Is there any non-native speaker in English who never confused the words ‘flash’ and ‘flesh’? I don’t think so. Seeing the trailer of an upcoming show in the Trafó by Franck Vigroux and the CIE d’Autres Cordes, I constantly had to remind myself that the title is ‘flesh’, implying something deeply living, breathing and aching, and not the ethereal, volatile ‘flash’. An account of a painful car accident, mixed with some inspiration from literature, brings together many different elements here. Trauma of the physical body, the ‘flesh’, bringing one to a modified sense of how time is ticking, and to a spectacular, ‘flashing’ experience of the visual and audial – these are all evoked in this intriguing multi-artistic performative play. I asked composer and director Franck Vigroux some questions on the show and its artistic process.

I have read that one of the main inspirations for this show was a car accident that you had in the past. What does this mean exactly?

That accident happened to me around twenty years ago, and it was quite a serious one. I still remember the details very clearly, despite the long time that has passed ever since. Its drasticity is almost unlikely: one moment you are driving, and the other you lie with a modified state of mind, unconscious about the physical circumstances.

Well, that happened after all, and I moved on, but then I read works of the English writer J.G. Ballard. Crash is a quite famous one, it even has a film adaptation, or there is another one, Concrete Island. Car accidents play a huge role in both. These lectures resonated very much with my own experiences and gave me the idea to create my own artistic vision and narrative, part of Ballard’s world and part of my own accident, finding a middle way between the two.

It is a depiction of the moment of the accident and its immediate consequences. It doesn’t have a realism that involves the ambulance or the victim’s physiology, but it works with images, lighting and objects that give an accurate impression of how that all can feel. It’s a visual experiment where all elements serve some dramaturgic purpose.

Seeing the trailer, one can also think this was a new genre, mixing and collaging many different elements. Is that really so?

Well, it doesn’t have to be defined as a new genre or a collage. I think the particularity of this piece is the relationship between the music and the visual-performative elements. In other cases, it is usually the choreographer who requests the music from the composer, the visual solutions from the scenographer, but I work with reversed rules. I start to work with the image and that work basically never stops during the artistic process. The visualisation is already there on my mind when I compose the music and influences its directions. I also favour a certain way of choreography and dance, which is not that theatrical and fits well to my music. That’s not the first time I have been working like this – for me that’s something natural, something total, to bring together the scene and the music.

How does it happen in the praxis?

I compose the music, then I use this material with the other elements, like the video, the dance, the equipment, and so on, so that they develop each other constantly. Then I put my composer part in the foreground and set everything like an opera, adapting the music accordingly. That’s my working process, I don’t know whether it’s common or rare, but in my case I can definitely say that it is a very vivid way.

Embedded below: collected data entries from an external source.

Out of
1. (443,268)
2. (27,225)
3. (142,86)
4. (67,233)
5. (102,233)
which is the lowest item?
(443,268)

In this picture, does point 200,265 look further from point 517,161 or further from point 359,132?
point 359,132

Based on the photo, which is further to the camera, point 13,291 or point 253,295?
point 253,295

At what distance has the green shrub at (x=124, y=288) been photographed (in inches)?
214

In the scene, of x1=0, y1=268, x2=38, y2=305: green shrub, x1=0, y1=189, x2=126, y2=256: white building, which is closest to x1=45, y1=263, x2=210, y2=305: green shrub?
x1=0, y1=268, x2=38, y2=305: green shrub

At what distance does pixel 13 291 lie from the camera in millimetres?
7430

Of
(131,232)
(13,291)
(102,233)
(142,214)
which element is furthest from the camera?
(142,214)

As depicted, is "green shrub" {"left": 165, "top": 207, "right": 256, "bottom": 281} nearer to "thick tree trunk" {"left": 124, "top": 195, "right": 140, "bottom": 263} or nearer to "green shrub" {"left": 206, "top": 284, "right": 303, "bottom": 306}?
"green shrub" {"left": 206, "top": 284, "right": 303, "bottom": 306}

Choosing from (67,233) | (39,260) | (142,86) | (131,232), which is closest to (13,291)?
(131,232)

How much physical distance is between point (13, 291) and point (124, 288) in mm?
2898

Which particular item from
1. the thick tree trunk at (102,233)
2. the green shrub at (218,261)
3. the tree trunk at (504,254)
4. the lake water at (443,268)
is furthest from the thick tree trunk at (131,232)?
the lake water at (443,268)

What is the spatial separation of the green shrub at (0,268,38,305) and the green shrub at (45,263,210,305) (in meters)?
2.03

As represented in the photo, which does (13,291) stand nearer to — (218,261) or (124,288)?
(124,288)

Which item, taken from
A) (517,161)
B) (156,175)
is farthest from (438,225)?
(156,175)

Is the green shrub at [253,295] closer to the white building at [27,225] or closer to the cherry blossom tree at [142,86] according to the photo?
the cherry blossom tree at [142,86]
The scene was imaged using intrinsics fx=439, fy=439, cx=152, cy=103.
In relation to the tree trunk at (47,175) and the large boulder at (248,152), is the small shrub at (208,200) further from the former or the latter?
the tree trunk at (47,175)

You also said that it’s “a research on music” on the borderline of “visual arts and electronic opera”. How do you mean this? What does electronic opera mean at all?

It’s a bit of a provocation. My music might be unusual, but Flesh still has similar elements to a traditional opera: you can meet a composer’s world, see how music gets on stage through artists, visualisations, scenery.

As for the research part: I usually work on the single elements for a very long time. The work for this particular piece started two years ago. The whole process, including the choreography part, is very intuitive. Some parts of the video are from video artists Kurt d’Haeseleer old works but influenced me a lot to compose the whole piece etc  I must say it’s a very collaborative process in general.

How did it all work in terms of development of the show?

As I mentioned, it all started two years ago with the initial composition of the music. I spent a lot of time in the studio. That’s not a linear process, sometimes you create something, sometimes you cut something out. Then the other part can come, like in this case working with the media artists Kurt d’Haeseleer and Olivier Ratsi on the videos, and with dancers Azusa Takeuchi and Céline Debyser as well as with choreographer Myriam Gourfink on what should happen on stage. During the creation of such a show, I never really ask whether I have a “stronger” identity of the composer or the director, as both parts inform each other during the whole process.

How can you be sure that the technological possibilities will be given to your visual ideas when sketching them or working on the music?

Well, that’s not a big issue, as we use very simple and few technology, yet it has many possibilities to interact with both the music and the artists on stage. There are the videos, right, and there is an electronic music and then some playing with the lights and some visual effects on stage, and that’s it. This show is still rather based on traditional performative art than pure technology, but the latter also has a lot of ways to enrich this multi-sided artwork.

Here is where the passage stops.